Tuesday, May 12, 2015

The Battle of the Seelow Heights

I had read this good book about the Battle of Berlin, so I wanted to come here. About 70 years and 3 weeks ago, the Red Army crossed the River Oder near the town of Frankfurt (the small town Frankfurt near Berlin, not the big-city Frankfurt down south) on their way to take Berlin, and days of bitter fighting (click here) ensued.

Today I took the train from Berlin to Frankfurt an der Oder. Until WWII it was just a town in the middle of northeastern Germany, nowhere near any foreign country. Today, you can walk across the downtown bridge into Poland. It only takes an hour to get there from Berlin, and costs €20 round trip. 

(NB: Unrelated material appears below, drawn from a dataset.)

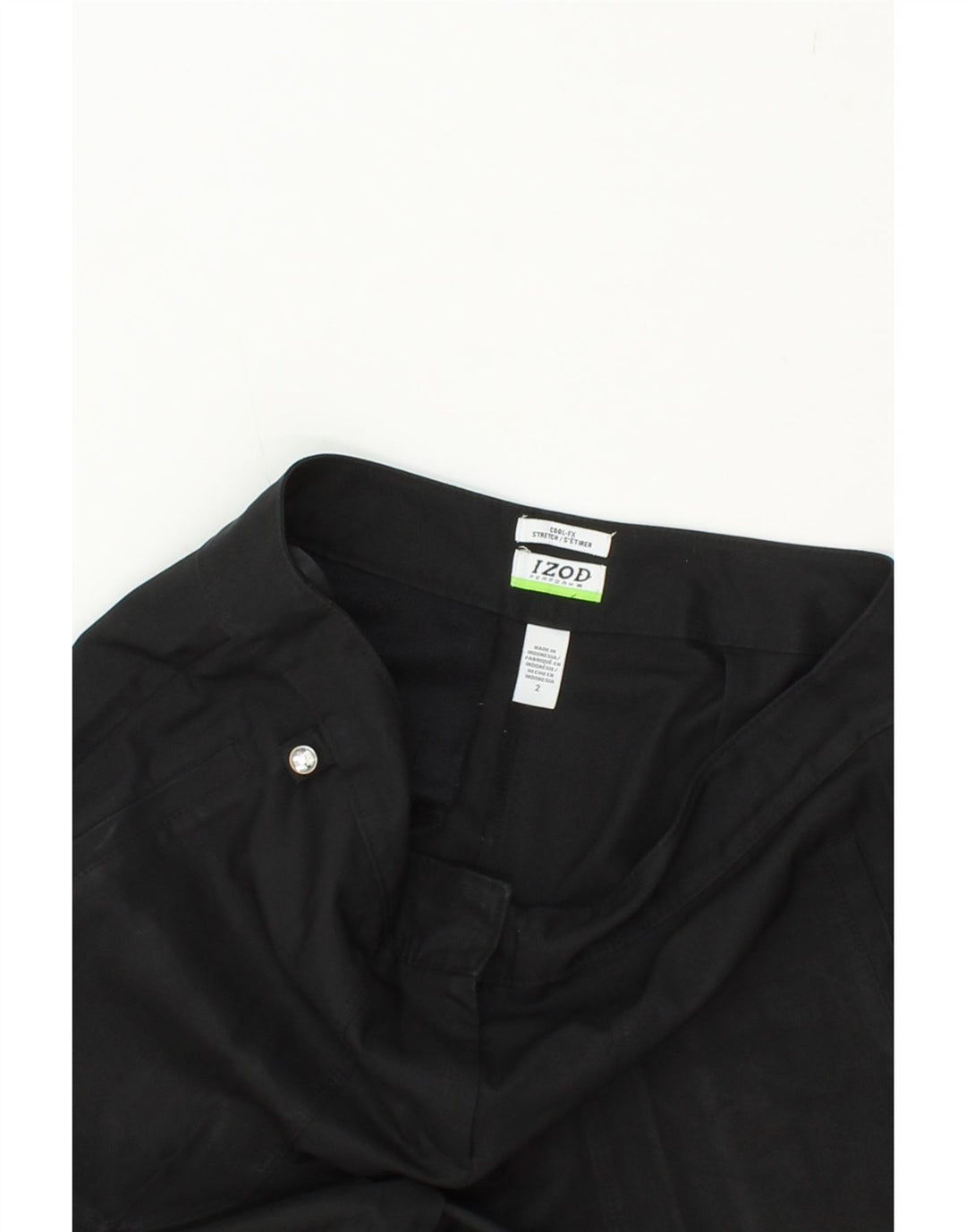 IZOD Womens Stretch Bermuda Shorts US 2 XS W25  Black Polyester Vintage Izod and Second-Hand Izod from Messina Hembry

In Frankfurt I boarded the bus to Seelow village to the north, then walked about a mile to the Seelow Heights battle museum. It's surrounded by military graveyards, and was established by the post-war Soviet occupiers as a memorial to the "Red Army's glorious liberation of Germany from fascist Nazism." Now it has morphed into a plain old battle museum, but the tanks, guns, and rocket launchers displayed outside are Red Army ones.

I ran into a snaggle-toothed old Russian guy from Leningrad -- um, that is, from "Zankt Pyetyerboork," outside among the weaponry, and we chatted in Russian and German. We took pictures of one another with one another's cameras (his camera had roll film in it).

Since he was a snaggle-toothed old Russian I somehow had the goofy urge (which I fortunately resisted) to ask him if he had fought in the battle. It turned out he was the exact same age as me, which
means that both him and the snaggle-toothed American (me) were going-on-two years old and pooping their diapers on opposite sides of the world, as the desperate and agonizing three-day bloodbath took place.

There are organizations that are still digging up bodies in the woods all around this area, and trying to identify them and find their next-of-kin.